● **Task prompt**:
Pictures are not part of the copy; reproduce the remaining data exactly.

● **Supplied entries**:
*** Block opens ***
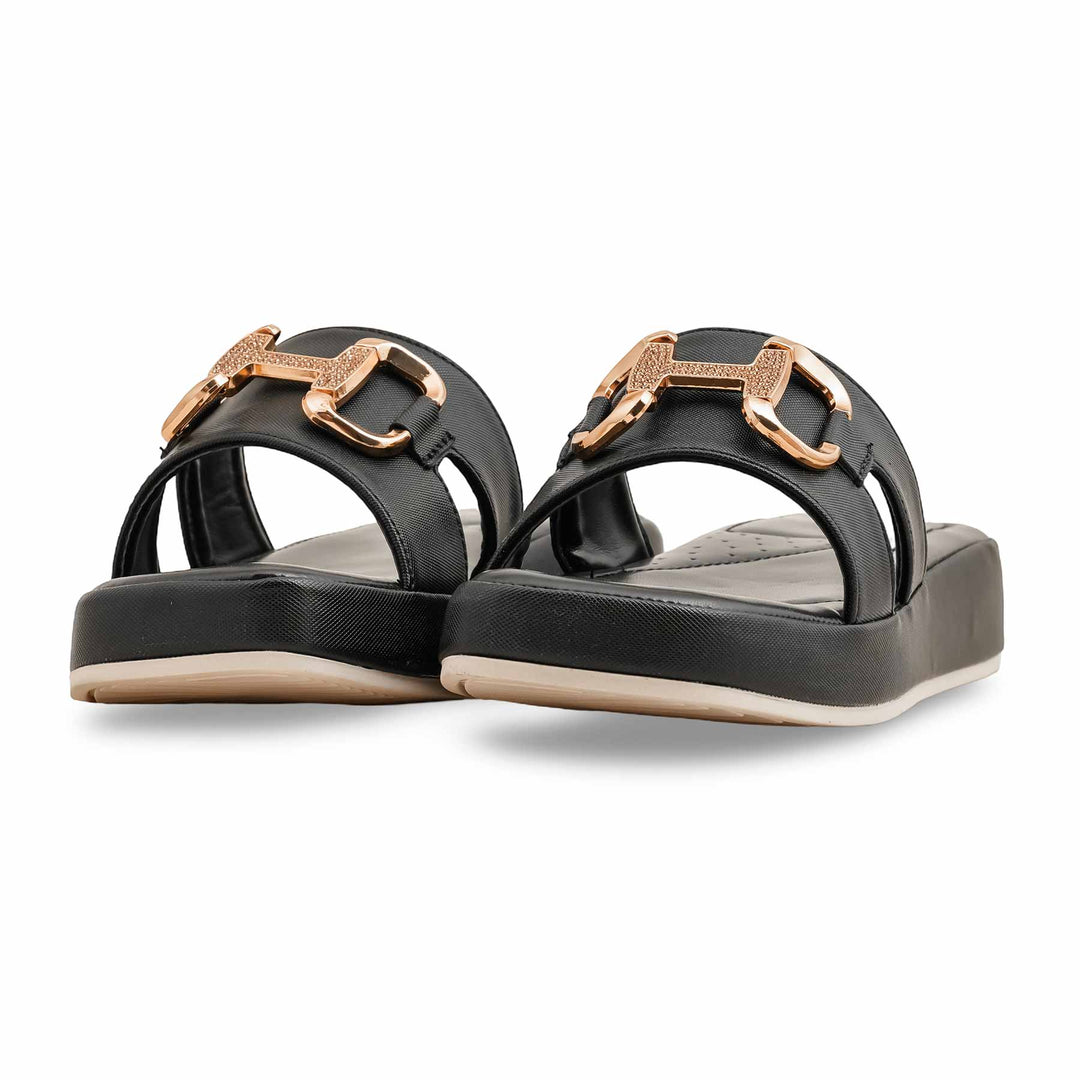 Black Formal Slipper For Ladies PU0426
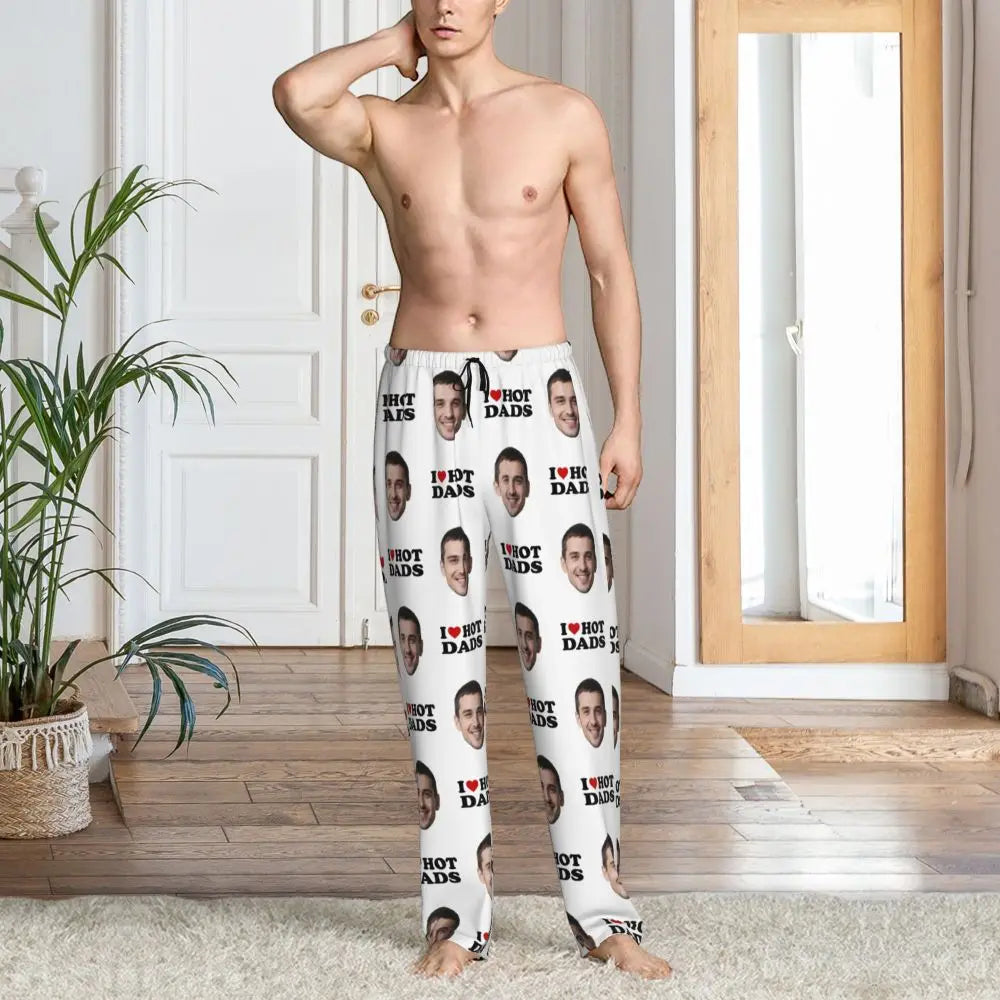 I Love Hot Moms Custom Pajama Pants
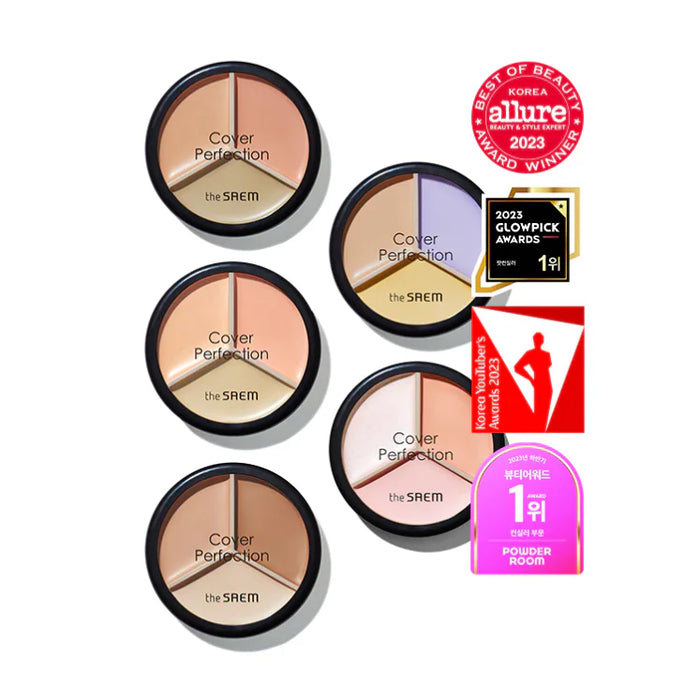 [theSAEM] Cover Perfection Triple Pot Concealer (5 Colors)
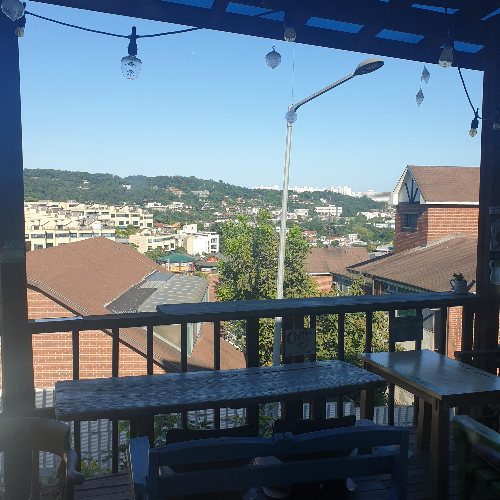 성북동 카페 조셉의 커피 나무_카페에서 바라본 성북동 일대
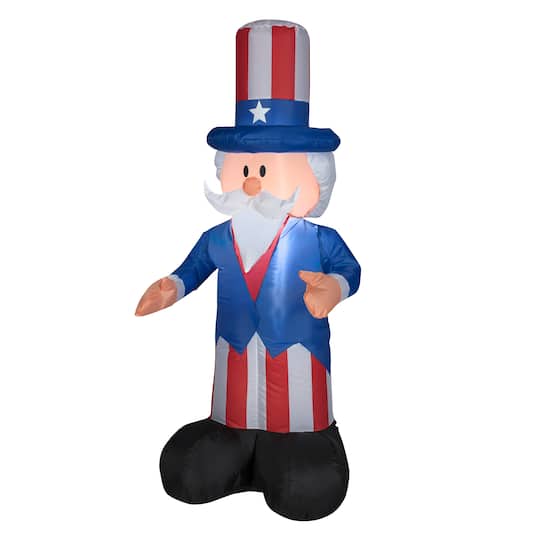 4ft. Airblown&#xAE; Inflatable Fourth of July Uncle Sam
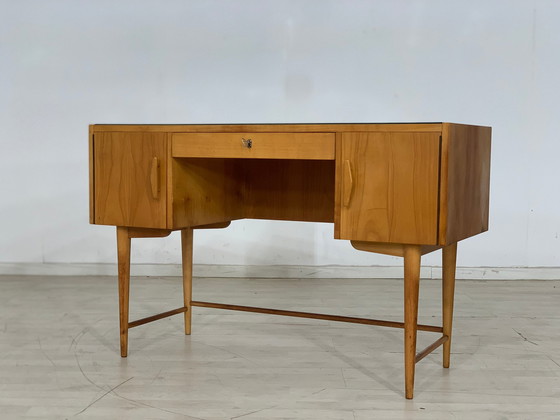 Image 1 of Mid Century hellerau kaptafel bureau vintage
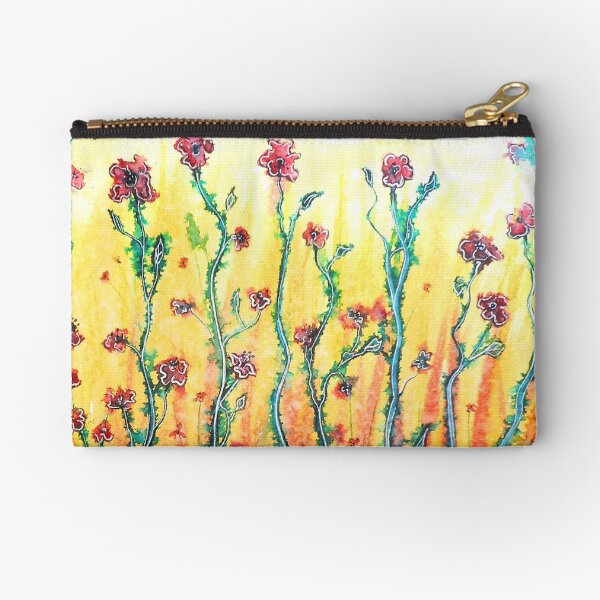 Flower Light Zipper Pouch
*** Block closes ***
● **Written reply**:
 Black Formal Slipper For Ladies PU0426
 I Love Hot Moms Custom Pajama Pants
 [theSAEM] Cover Perfection Triple Pot Concealer (5 Colors)
 성북동 카페 조셉의 커피 나무_카페에서 바라본 성북동 일대
 4ft. Airblown&#xAE; Inflatable Fourth of July Uncle Sam
 Image 1 of Mid Century hellerau kaptafel bureau vintage
 Flower Light Zipper Pouch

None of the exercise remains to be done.